Когда руки были вымыты и все вернулись к столу, Доктор торжественно, на правах старшего, разлил в стаканы коньяк. Ирине совсем чуть-чуть. Себе он, похоже, собирался плеснуть побольше, но, наткнувшись на суровый взгляд Ирины, налил себе столько же, сколько и Михаилу с Гринчуком – грамм пятьдесят.
И сам же предложил тост:
– Предлагаю выпить за то, чтобы такие вот ушибы были самыми тяжкими нашими болезнями.
Все выпили молча. Только Ирины, пригубив, не удержалась:
– Глупость самая твоя тяжелая болезнь.
– Не скажите, мадам, не скажите, – возразил Доктор. – Глупость – это не болезнь. Это призвание. Это, если хотите, счастье.
– Счастливый ты наш.
– К сожалению, но счастьем сим обделен, – печально развел руками Доктор. – Вот если бы имел возможность закусить коньяк лимоном, то очень сильно приблизился бы к этому состоянию.
– К глупости? – спросила Ирина.
– К счастью.
– Тогда пойди и возьми лимон на кухне в холодильнике.
– Ирина, в лимоне без коньяка, так же мало счастья, как и в коньяке без лимона, – вскричал Доктор.
– Мы вам еще нальем, – пообещал Гринчук.
Доктор встал и вышел на кухню.
Гринчук улыбнулся. В этом доме он отдыхал душой и прекрасно понимал Михаила, который приходил к маме Ире при каждом удобном случае.
– И где здесь лимон? – спросил с кухни Доктор.
– Я сейчас помогу, – крикнул Гринчук.
– Там, на дверце, – вдогонку подсказала Ирина.
– Говорят, тут на дверце, – сказал Гринчук, входя на кухню.
Доктор сидел на табурете перед открытым холодильником.
– Вот он, лимон, – указал Гринчук.
– Что значит мент, – одобрительно сказал Доктор. – Извините, милиционер.
– Как у Ирины со здоровьем? – тихо спросил Гринчук.
– А как у нее может быть со здоровьем, в семьдесят лет, после двадцати лет жизни на улице и после недавней смерти мужа? – так же тихо ответил Доктор. – Иногда мне кажется, что она живет только из-за Михаила. Знаете, она ведь Михаила должна винить в смерти Тотошки. Тотошка погиб защищая Михаила, когда тот лежал без сознания. А она…
Гринчук вздохнул. Его никто не упрекал, что в ту ночь он мог бы защитить Нору. Если честно, то шансов успеть в ту ночь у него практически не было.
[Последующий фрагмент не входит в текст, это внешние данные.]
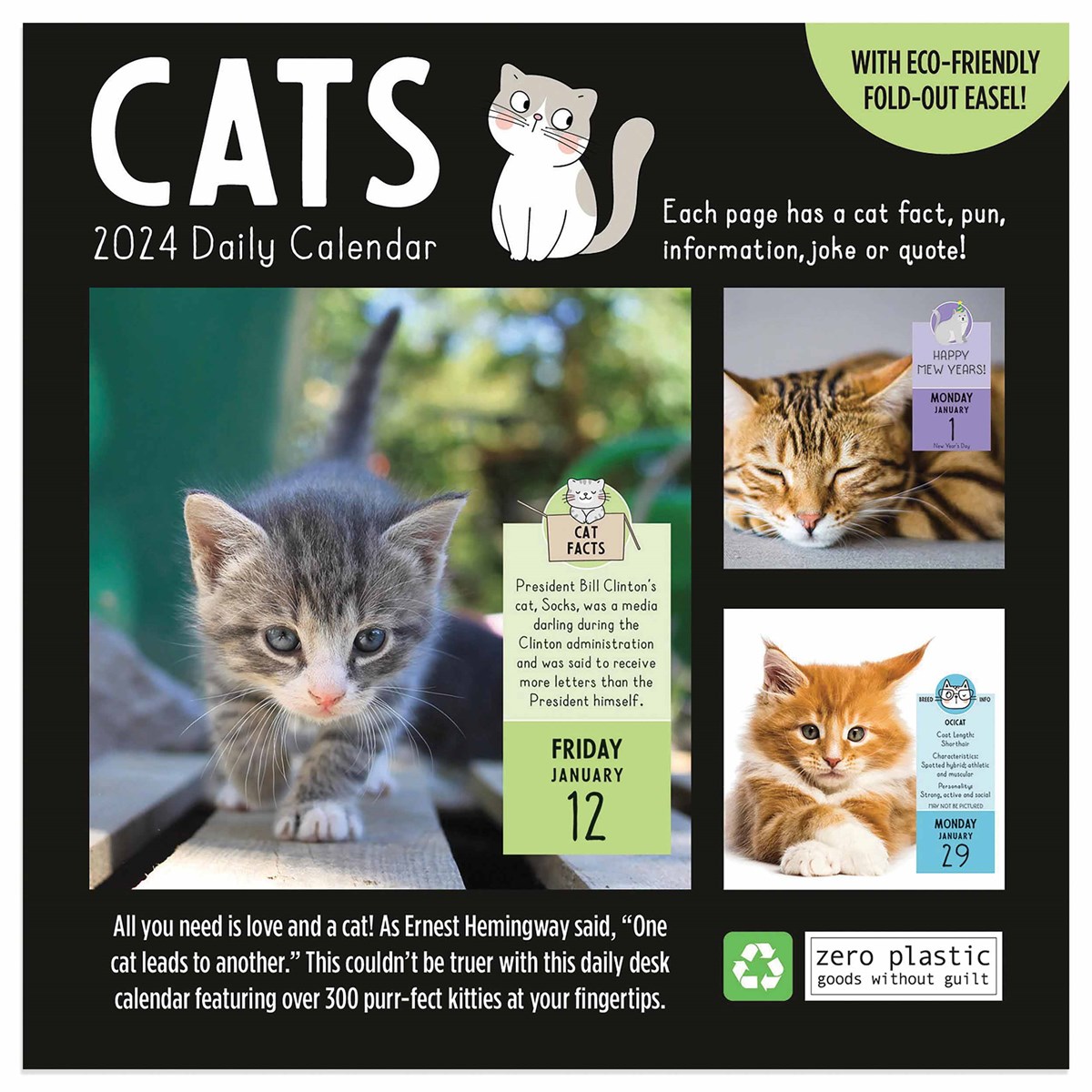 Cat A Day Desk Calendar 2024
Но легче подполковнику от этого не было.
– Вы уж Михаила поберегите, – попросил Доктор.
– Постараюсь.
– Вы уж постарайтесь.
Они вернулись в комнату как раз в тот момент, когда по телевизору шла реклама.
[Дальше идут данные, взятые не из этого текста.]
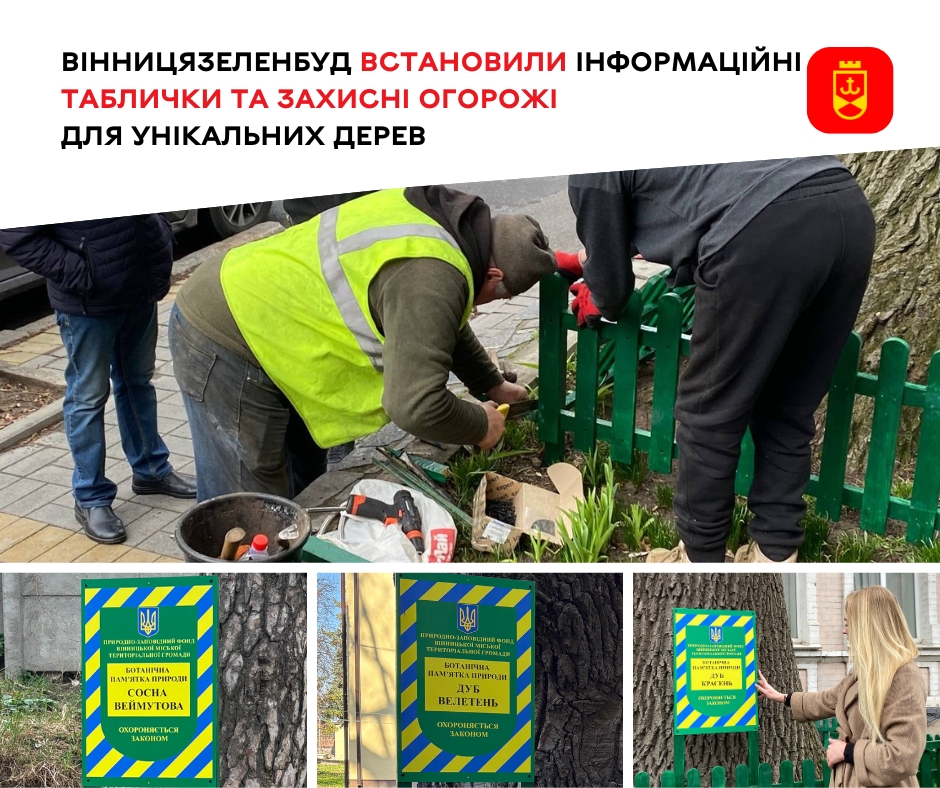 Під охороною закону. Вінницязеленбуд встановили інформаційні таблички та захисні огорожі для унікальних дерев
– Реклама это ложь, – заявил сходу Доктор. – Наглая и неприкрытая.
– Да и сам ты не слишком любишь правду, – сказала Ирина.
– Неправда, – заявил Доктор. – Я люблю правду, только не могу себе позволить. Не по карману, знаете ли. Хотя…
– Что? – спросил Гринчук.
– Она, пожалуй, никому не по карману, – сообщил Доктор. – И приводит это к недоразумениям. Был один случай….
Доктор на всякий случай оглядел собравшихся – не станет ли кто-то возражать против очередной жизненной истории. Никто не возражал.
– Жили у частном секторе две соседки. У одной была любимая овчарка, а другая предпочитала разводить кроликов. И купила однажды она себе кролика исключительной породности. За безумную цену чуть ли не в триста долларов. Кроликом она, естественно, похвасталась перед соседкой, та повосхищалась..
– Кстати, – заметил вдруг Доктор, мне, кажется, обещали к лимону коньяк?
Михаил молча налил двадцать грамм в стакан Доктора. Гринчук нарезал лимон кружочками.
Доктор выпил коньяк, сунул в рот кружок лимона и закрыл глаза от удовольствия.
– Вот оно, счастье, – через несколько секунд сказал Доктор.